Vecchiotto, del 2005

LA CHIESA SPAGNOLA RITIRA TUTTO

MADRID - Tanto rumore per nulla. Non c'è stata la svolta della Chiesa spagnola sull'uso del preservativo quale strumento nell'ambito della lotta contro l'Aids. I vescovi iberici mantengono il loro no «a un mezzo che la morale cattolica condanna», come ha detto il vescovo Marchite, segretario del Pontificio Consiglio per la Pastorale della Salute. Le parole del portavoce e segretario generale della Conferenza episcopale Martinez Camino, che martedì aveva riconosciuto al preservativo «un suo ruolo nella prevenzione integrale e globale dell'Aids», sono state rettificate con un comunicato arrivato in serata, al termine di una giornata segnata dalla confusione e dalle richieste di chiarimenti che arrivavano alla sede della Conferenza episcopale da tutto il mondo cattolico. Nel comunicato si afferma con chiarezza che «non è cambiata la dottrina della Chiesa riguardo il preservativo».

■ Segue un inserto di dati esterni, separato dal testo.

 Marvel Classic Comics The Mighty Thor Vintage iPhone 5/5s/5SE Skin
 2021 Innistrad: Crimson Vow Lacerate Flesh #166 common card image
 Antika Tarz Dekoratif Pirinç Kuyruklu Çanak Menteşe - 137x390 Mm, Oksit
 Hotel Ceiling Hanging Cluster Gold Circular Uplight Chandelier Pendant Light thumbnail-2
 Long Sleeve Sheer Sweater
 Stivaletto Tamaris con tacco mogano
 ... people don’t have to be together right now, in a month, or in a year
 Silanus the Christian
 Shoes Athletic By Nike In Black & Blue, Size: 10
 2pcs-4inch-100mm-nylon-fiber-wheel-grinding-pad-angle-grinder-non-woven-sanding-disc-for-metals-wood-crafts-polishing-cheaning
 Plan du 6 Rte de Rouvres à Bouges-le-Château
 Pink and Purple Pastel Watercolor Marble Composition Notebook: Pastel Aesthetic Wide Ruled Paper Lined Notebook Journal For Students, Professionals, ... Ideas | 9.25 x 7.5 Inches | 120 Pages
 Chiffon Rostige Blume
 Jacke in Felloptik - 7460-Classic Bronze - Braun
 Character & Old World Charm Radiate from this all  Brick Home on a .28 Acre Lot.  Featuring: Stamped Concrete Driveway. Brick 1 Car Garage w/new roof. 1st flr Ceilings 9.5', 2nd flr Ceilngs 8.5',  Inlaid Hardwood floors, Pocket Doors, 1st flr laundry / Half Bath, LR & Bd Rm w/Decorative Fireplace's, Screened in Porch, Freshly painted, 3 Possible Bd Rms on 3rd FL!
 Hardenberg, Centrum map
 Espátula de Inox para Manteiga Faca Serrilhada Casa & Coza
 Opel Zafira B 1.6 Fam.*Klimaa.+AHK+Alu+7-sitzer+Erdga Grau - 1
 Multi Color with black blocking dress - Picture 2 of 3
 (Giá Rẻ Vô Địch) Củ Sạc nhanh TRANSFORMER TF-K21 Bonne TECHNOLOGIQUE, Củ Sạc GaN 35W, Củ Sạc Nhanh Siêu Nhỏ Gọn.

La Chiesa, continua la nota, sostiene che «l'uso del preservativo implica una condotta sessuale immorale» e che «l'astensione dalle relazioni sessuali indebite e la reciproca fedeltà fra i coniugi costituiscono l'unica condotta sicura di fronte al pericolo dell'Aids». È d'accordo Rocco Buttiglione che a Firenze ha dichiarato che «la fedeltà è la prima risposta all'Aids», aggiungendo: «Senza negare che chi non ha uno stile di vita sano tenti di proteggersi in qualche modo». Una posizione vicina, forse, a quella del portavoce Martinez Camino prima della rettifica.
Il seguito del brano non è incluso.